School starts up again soon. I'm am equally excited and dreading it at the same time. I love going to school and being productive and having something to do and feeling like I'm getting closer to accomplishing my goals... I just hate not having any time at all to myself which is why being lazy now is totally fine by me because in a month, I won't even have a minute to myself.
I'd be lying if I said I wasn't stressing just a little bit about money, because I am. I need ot save up enough money to get a car, register it, and insure it. I also will not be working nearly as much once i'm back in school so gas money is going to be a real issue for me. I've been considering maybe picking up babysitting jobs here and there on the weekends when I go back to school since it's incredibly flexible freelance work. Not to mention, I'm pretty good with kids and I do very much enjoy working with them. I found a website called sittercity.com and they offer a background check for just about $10. Once you have a background check posted on a reputable website people are much more inclined to hire you to watch after their kids so we will have to see what happens with that.
Otherwise, I guess only time will tell if everything will work out in the end.

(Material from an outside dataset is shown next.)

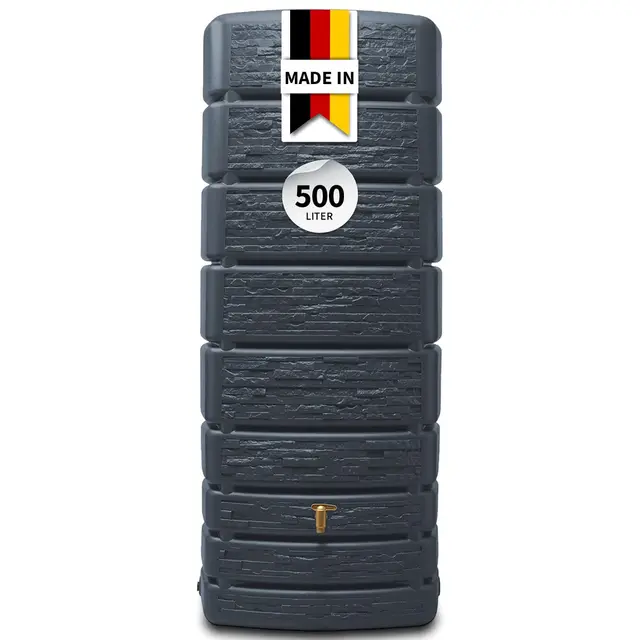 4rain Slim Stone Decor Regentonne Wandtank 500 L Graphite Grey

Youtube Video of the Moment:

http://www.youtube.com/watch?v=w77boWNsk68

Friday, July 29, 2011

HI JOURNAL I FORGOT I HAD!

How you been, huh? It's been a while, eh?
Well, to catch you up... I still work at Cooper Street and have been for the past year. I'm back in school as an Acting Major at Suffolk and i love it! I have one year till I (finally) get my associates.
In other news, nothing is really all that new to be honest. I have a lot of plans for the future but I'm taking everything day by day and step by step...
I know this wasn't much of an update, but I'm sick right now and don't have much else to say. I'll leave you with my youtube video of the moment which is dedicated to the memory of Amy Winehouse who recently died. She was an incredible talent and even though she had a battle with some inner demons and lost, I still have incredible respect for her.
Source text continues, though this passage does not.